By the President of the United States Of America
A Proclamation
The great king Solomon, told in a night vision to ask what he wished of God, was reverent and humble enough to pray, "I am but a little child . . . Give therefore Thy servant an understanding heart . . . for who is able to judge this Thy so great a people?"
In our time as in Solomon's, no nation can expect to prosper and live in peace—no people can govern themselves wisely—except they invoke and rely on the divine wisdom.
In all our concerns and all our affairs as a nation, both at home and abroad, prayer should be not merely an embellishment, but an essential: both the prayer of affirmation that our God is great and good, that He made us and not we ourselves, and the prayer of petition that He may guide and protect us every one.

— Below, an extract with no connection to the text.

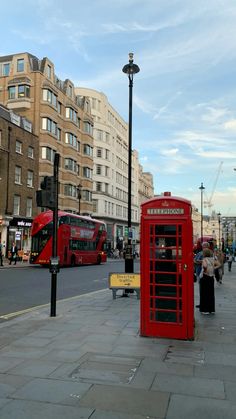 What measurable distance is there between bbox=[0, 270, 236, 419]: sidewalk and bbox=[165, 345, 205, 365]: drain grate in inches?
0.5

In 1952 the Congress directed the President to set aside a suitable day other than a Sunday each year as a National Day of Prayer, in recognition of the profound religious faith on which America is built.
Now, Therefore, I, Richard Nixon, President of the United States of America, do hereby proclaim Wednesday, October 18, as National Day of Prayer, 1972.
I call upon all Americans to pray that day, each after his or her own manner and convictions, for Deity's blessing on our land and for peace on earth, goodwill among all men.
In Witness Whereof, I have hereunto set my hand this ninth day of October, in the year of our Lord nineteen hundred seventy-two, and of the Independence of the United States of America the one hundred ninety-seventh.